» Your objective
Repeat the lines of the data exactly and exclude any picture among them.

» Data provided

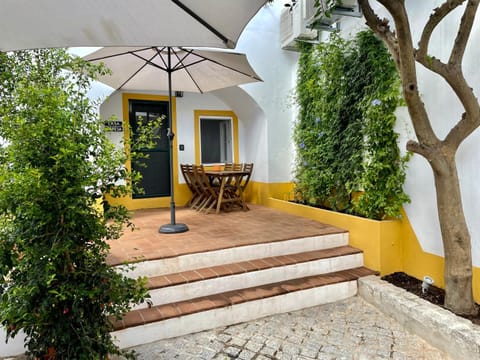 Patio, Facade/entrance, Garden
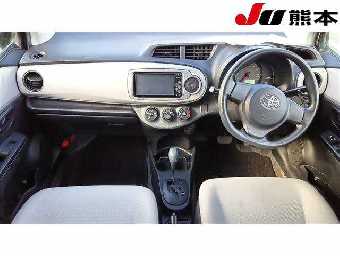 TOYOTA VITZ 2012 Image 3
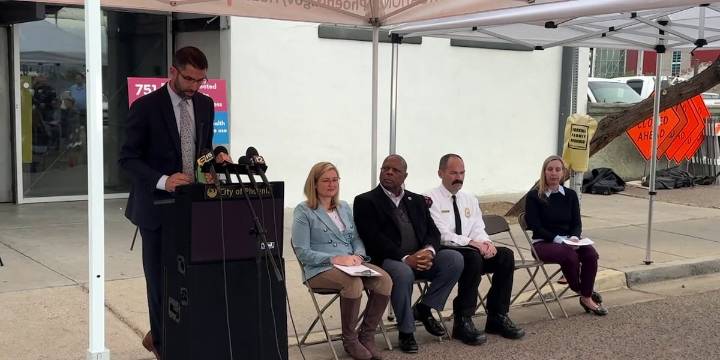 Phoenix officials praise heat relief campaign, call for more support
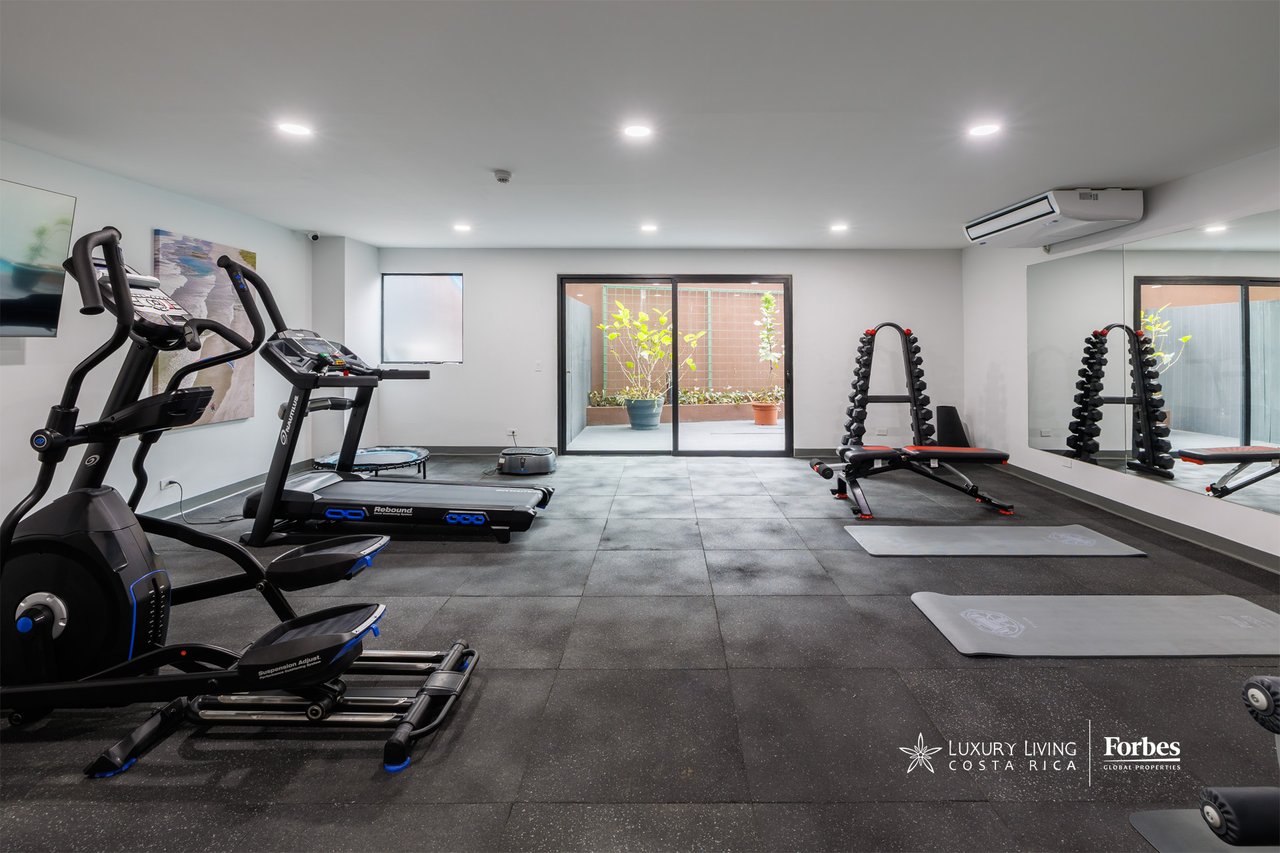 21469 - Contemporary penthouse for sale, spacious rooms and terraces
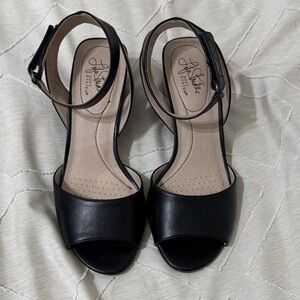 Life Stride Black Open-Toe Heels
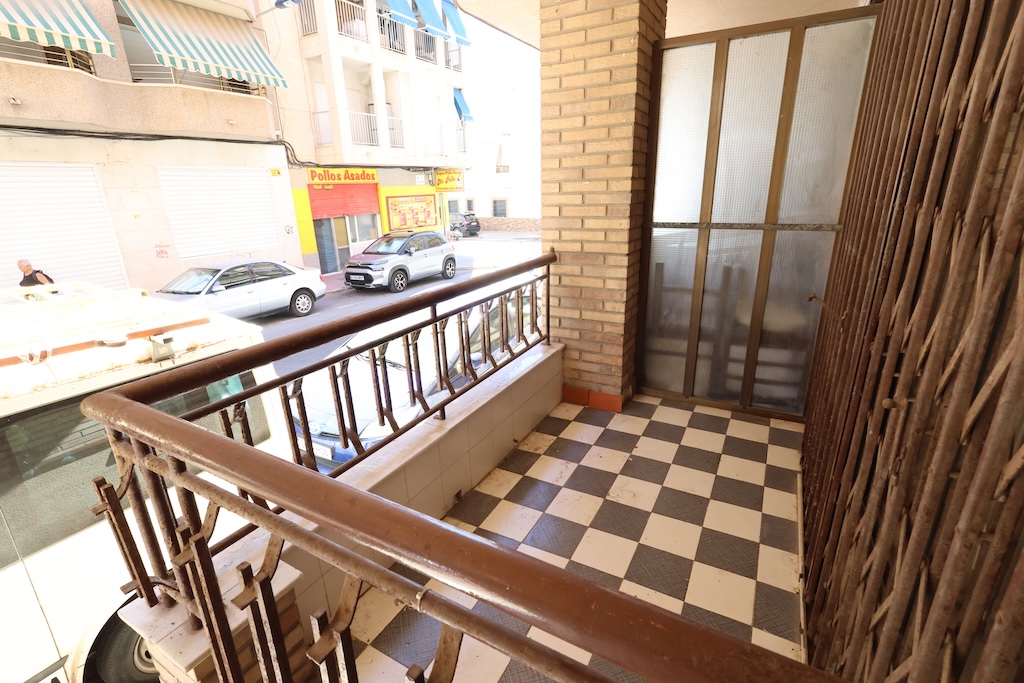 AMPLIO APARTAMENTO EN PLANTA BAJA A 150 METROS DE LA PLAYA DEL CURA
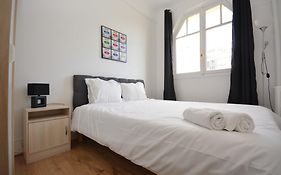 Residences Paris Maillot Neuilly-sur-Seine Room photo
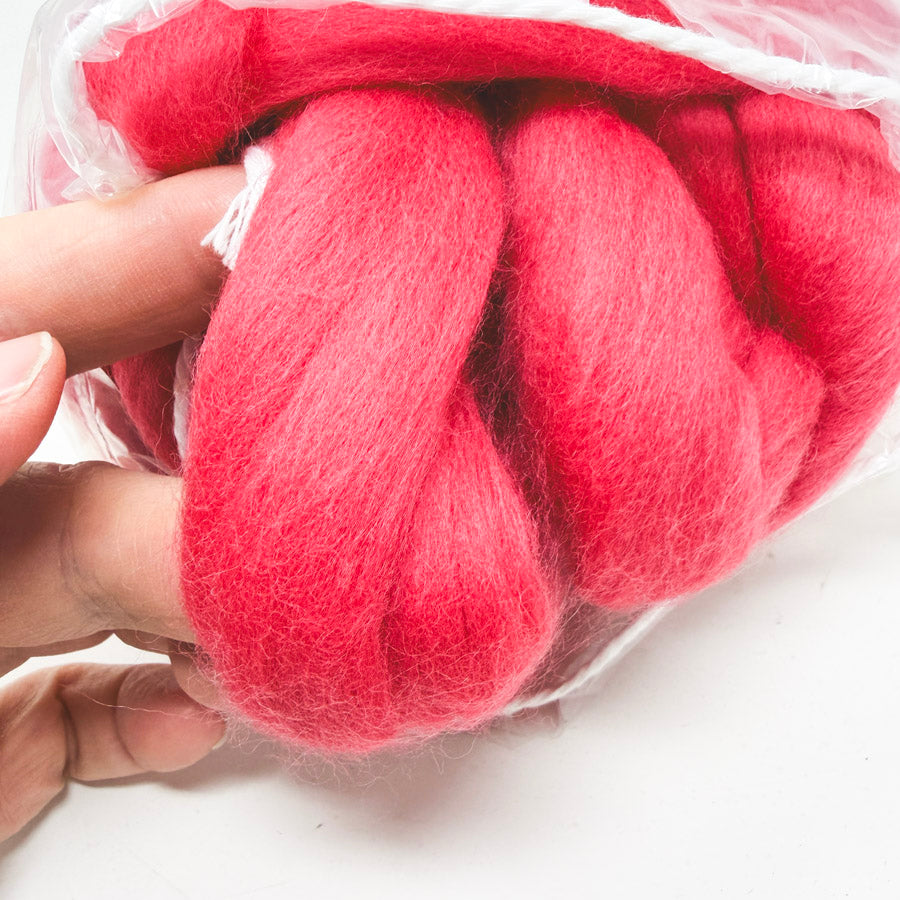 Spring Rose Solids Roving Bundle – 10.4 oz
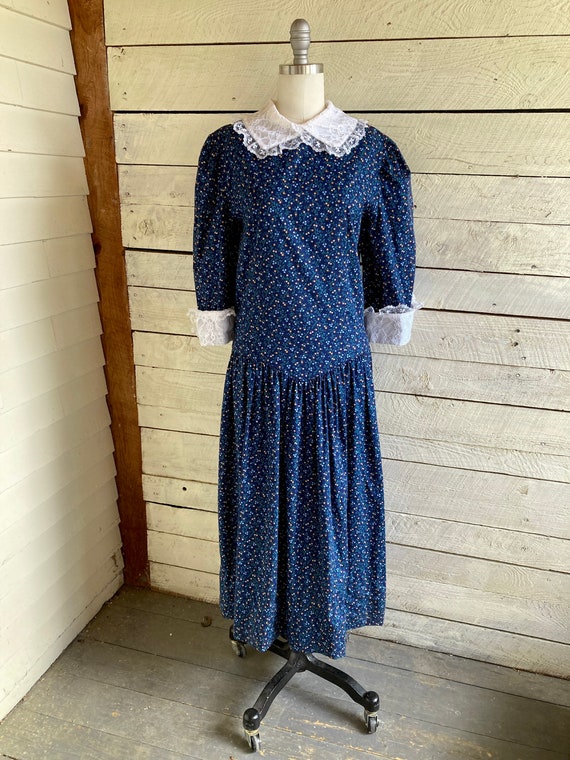 1970s Prairie cottagecore Dress Calico navy Blue … - image 10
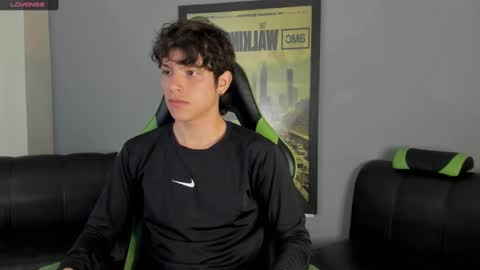 Snapshot of axelraven chatting on January 7, 4:37 pm Axel Raven online show from January 7, 4:37 pm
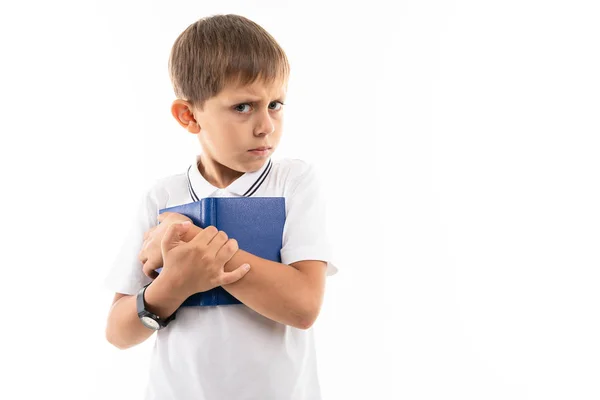 Bel Ragazzo Con Quaderno Contro Bianco — Foto Stock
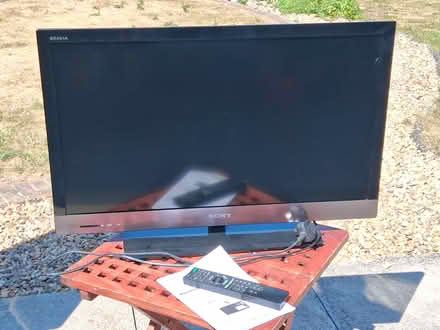 Photo of free Sony Bravia 32 inch TV (New Alresford SO24) #1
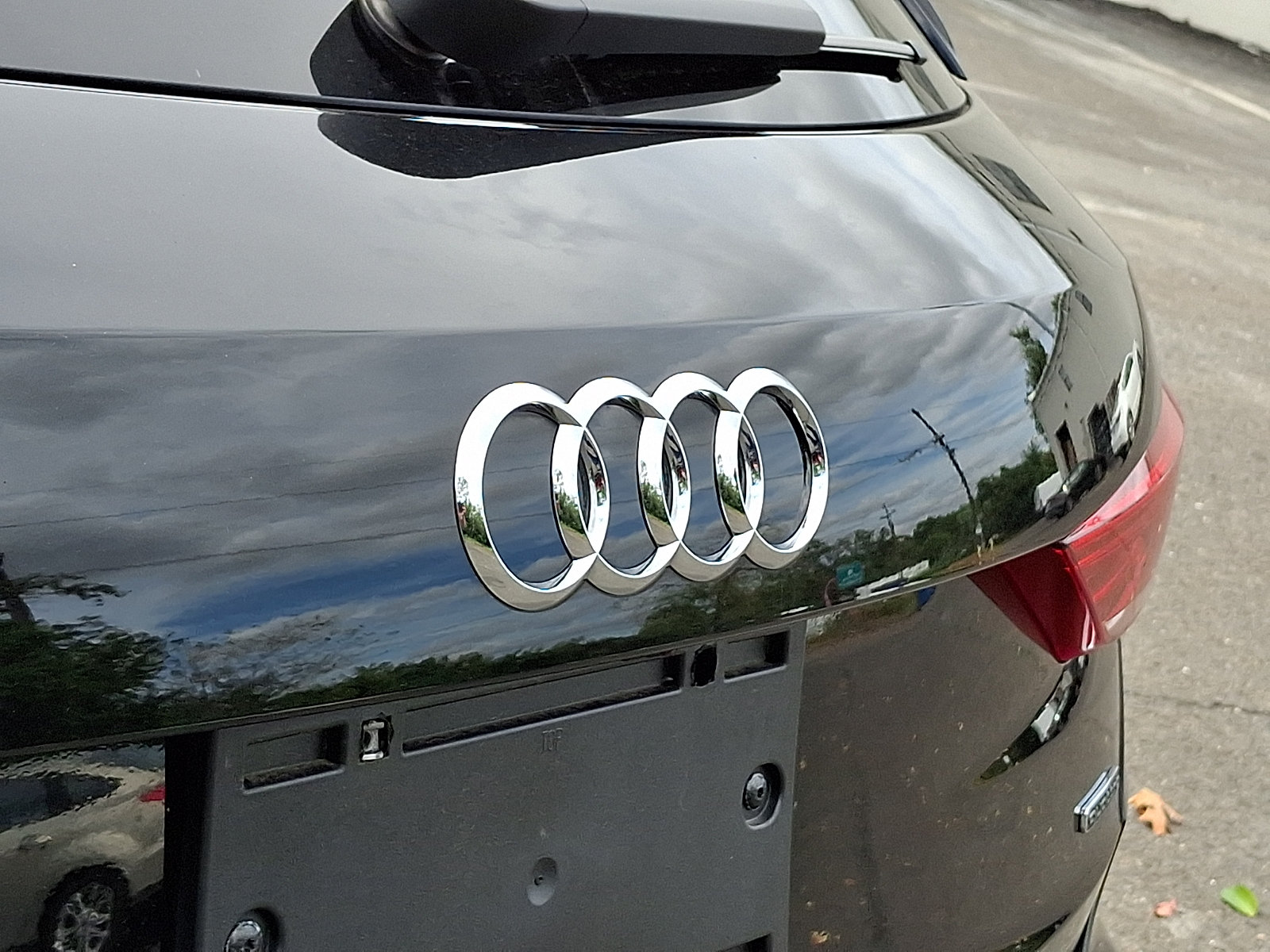 Used 2023 Audi Q3 2.0T Premium Plus AWD/4WD image 27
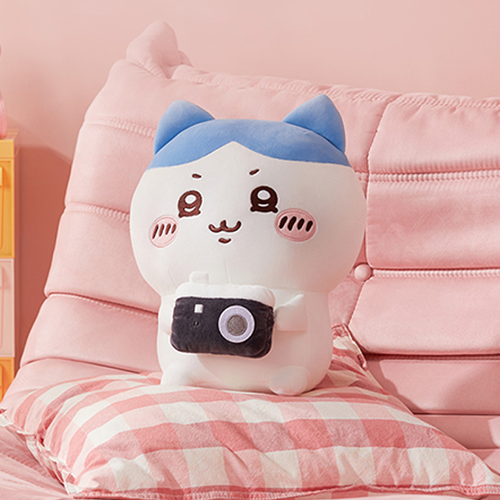 chiikawa系列道具款坐姿公仔(Hachiware)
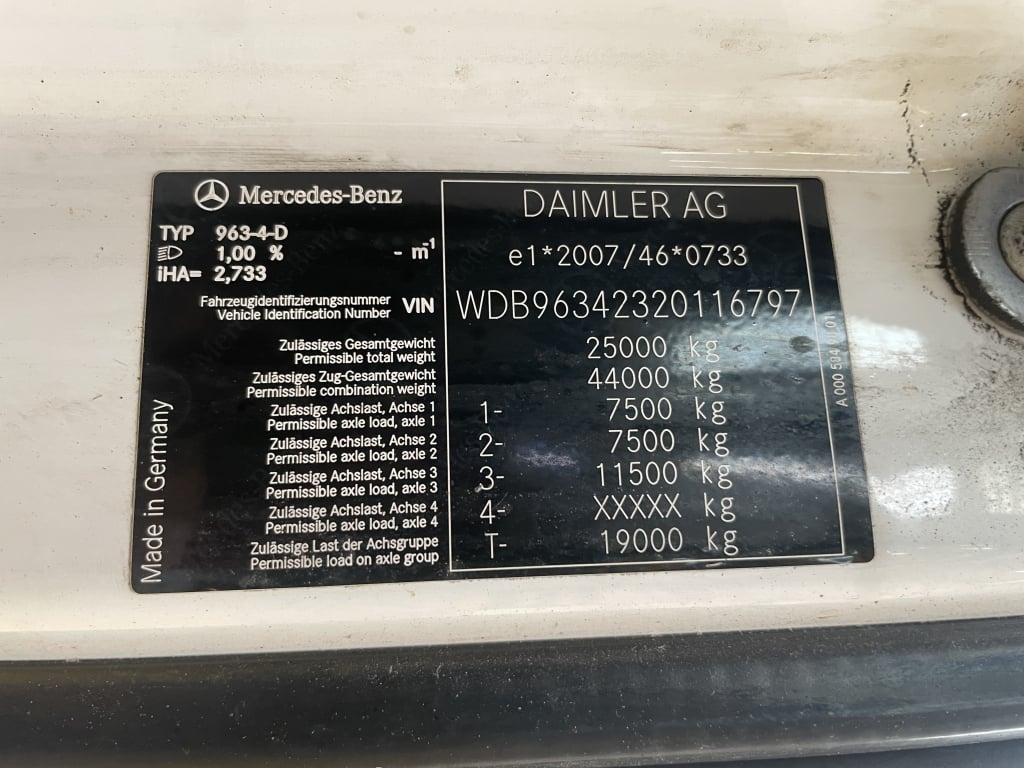 MERCEDES ACTROS 2551 GIGASPACE *EURO 6* 6X2 TRACTOR UNIT – 2017 – HX67 PNV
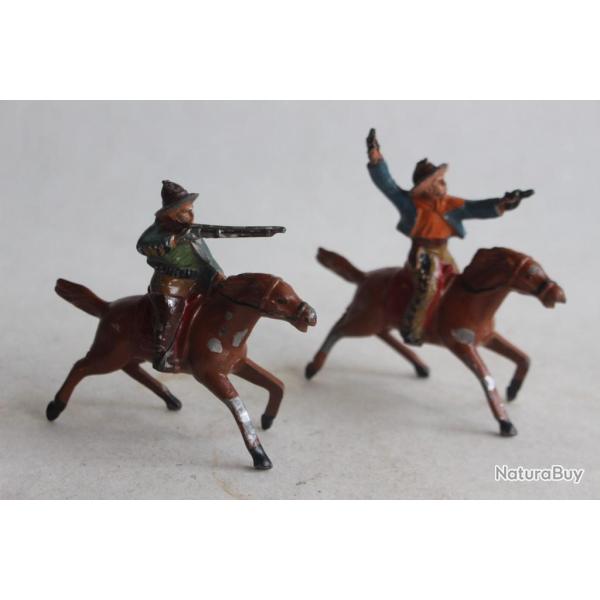 Anciens Soldats de plomb Cowboys � cheval.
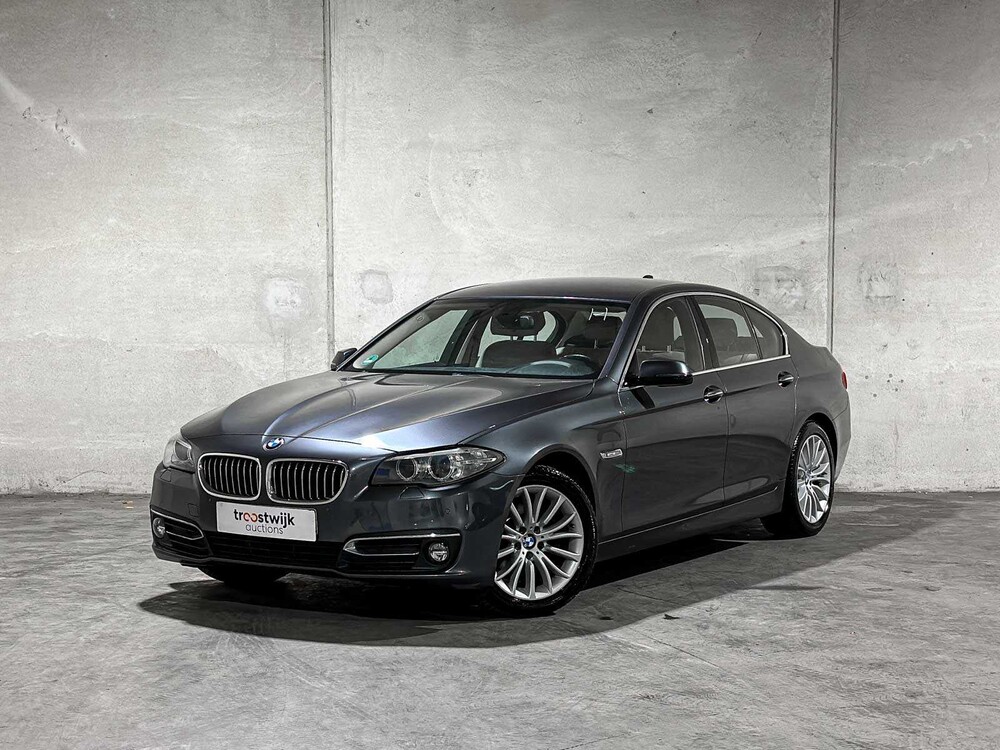 BMW 520i Luxury Edition 5-serie 181pk 2017 (Origineel-NL), NP-432-L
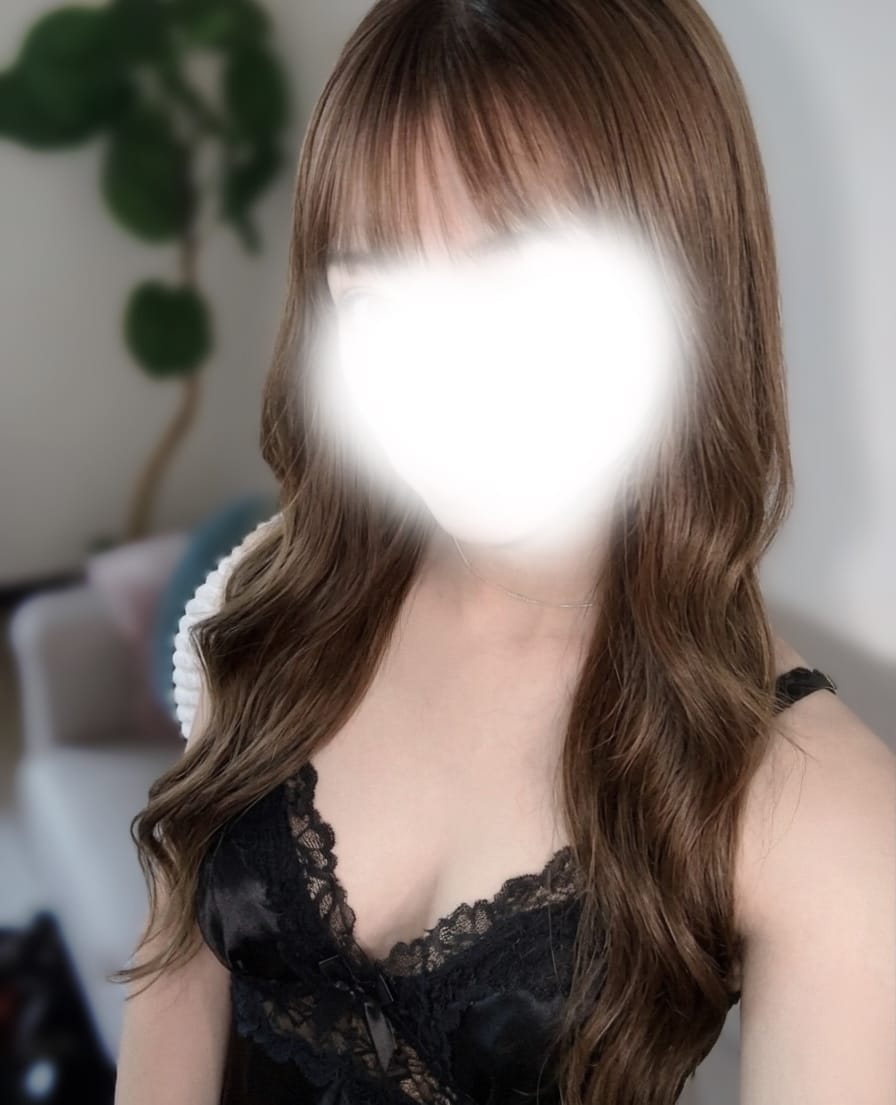 「出勤してます！！」08/17(月) 12:45 | さりの写メ日記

» Finished exercise
 Patio, Facade/entrance, Garden
 TOYOTA VITZ 2012 Image 3
 Phoenix officials praise heat relief campaign, call for more support
 21469 - Contemporary penthouse for sale, spacious rooms and terraces
 Life Stride Black Open-Toe Heels
 AMPLIO APARTAMENTO EN PLANTA BAJA A 150 METROS DE LA PLAYA DEL CURA
 Residences Paris Maillot Neuilly-sur-Seine Room photo
 Spring Rose Solids Roving Bundle – 10.4 oz
 1970s Prairie cottagecore Dress Calico navy Blue … - image 10
 Snapshot of axelraven chatting on January 7, 4:37 pm Axel Raven online show from January 7, 4:37 pm
 Bel Ragazzo Con Quaderno Contro Bianco — Foto Stock
 Photo of free Sony Bravia 32 inch TV (New Alresford SO24) #1
 Used 2023 Audi Q3 2.0T Premium Plus AWD/4WD image 27
 chiikawa系列道具款坐姿公仔(Hachiware)
 MERCEDES ACTROS 2551 GIGASPACE *EURO 6* 6X2 TRACTOR UNIT – 2017 – HX67 PNV
 Anciens Soldats de plomb Cowboys � cheval.
 BMW 520i Luxury Edition 5-serie 181pk 2017 (Origineel-NL), NP-432-L
 「出勤してます！！」08/17(月) 12:45 | さりの写メ日記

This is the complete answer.